It isn't coherent to argue that the universe was created by God, but God was in turn created by God to the second power, who was in turn created by God to the third power, and so on. As Aristotle cogently argued, there must be a reality that causes but is itself uncaused (or, a being that moves but is itself unmoved). Why? Because if there is an infinite regression of causes, then by definition the whole process could never begin.2
According to some theorists, when Einstein’s theory of gravity is combined with quantum theory, the Big Bang could really be part of a Big Bounce, in which the collapse of a previous, and perhaps very different, universe is followed by the creation of our own. While speculative, these theories do at least resolve the otherwise tricky question of what existed before the Big Bang.
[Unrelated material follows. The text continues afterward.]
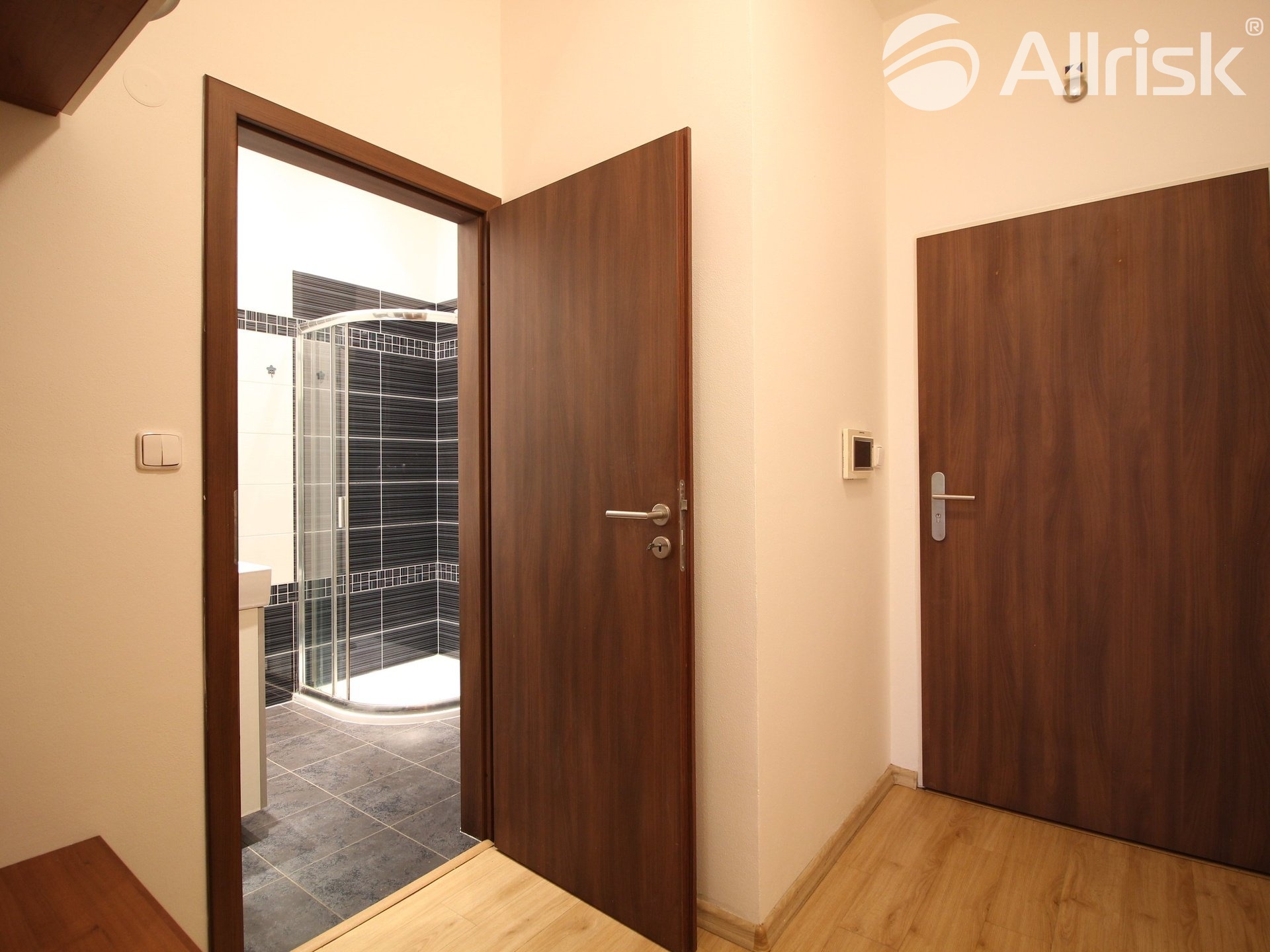 pronajem-bytu-2-kk-o-velikosti-39-m2-s-terasou-16-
According to TechTimes, Hawking says during the show that before the Big Bang, time was bent — "It was always reaching closer to nothing but didn't become nothing," according to the article. Essentially, "there was never a Big Bang that produced something from nothing. It just seemed that way from mankind's point of perspective."
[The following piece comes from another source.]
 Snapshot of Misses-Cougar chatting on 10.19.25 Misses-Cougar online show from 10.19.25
Bottom line: Most of us understand the Big Bang as the idea that our entire universe came from a single point, what astrophysicists call a “singularity.” But we might not need a singularity to have a Big Bang, according to a new study by Ahmed Farag Ali in Egypt and coauthor Saurya Das in Canada. The catch – according to astrophysicist Brian Koberlein – is that, without the singularity, this model predicts that the universe had no beginning. It existed forever as a kind of quantum potential before collapsing into the hot dense state we call the Big Bang.
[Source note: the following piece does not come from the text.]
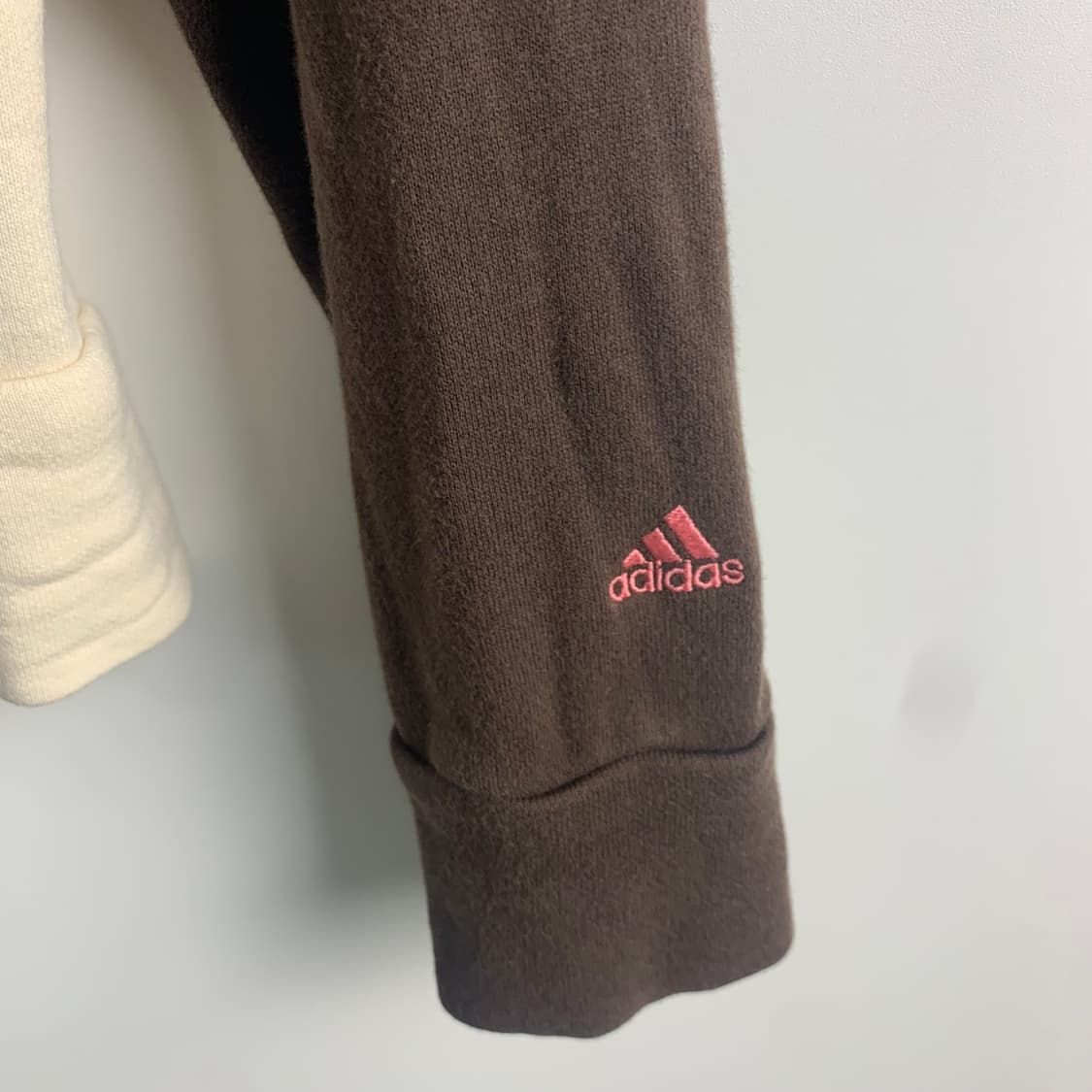 아디다스 00s 아이보리 브라운 나그랑 면집업 상품이미지5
Their admittedly controversial answer is that the entire universe, from the fireball of the Big Bang to the star-studded cosmos we now inhabit, popped into existence from nothing at all. It had to happen, they say, because "nothing" is inherently unstable.
Huh? Further:
This idea may sound bizarre, or just another fanciful creation story. But the physicists argue that it follows naturally from science's two most powerful and successful theories: quantum mechanics and general relativity.
As Krauss puts it, "The laws of physics as we understand them make it eminently plausible that our universe arose from nothing - no space, no time, no particles, nothing that we now know of."
The article ends with:
Those universes might be profoundly different to ours. The universe next door might have five dimensions of space rather than the three – length, breadth and height – that ours does. Gravity might be ten times stronger or a thousand times weaker, or not exist at all. Matter might be built out of utterly different particles.
So there could be a mind-boggling smorgasbord of universes. Linde says eternal inflation is not just the ultimate free lunch: it is the only one at which all possible dishes are available.
As yet we don't have hard evidence that other universes exist. But either way, these ideas give a whole new meaning to the phrase "Thanks for nothing".
Maybe I should go back to church.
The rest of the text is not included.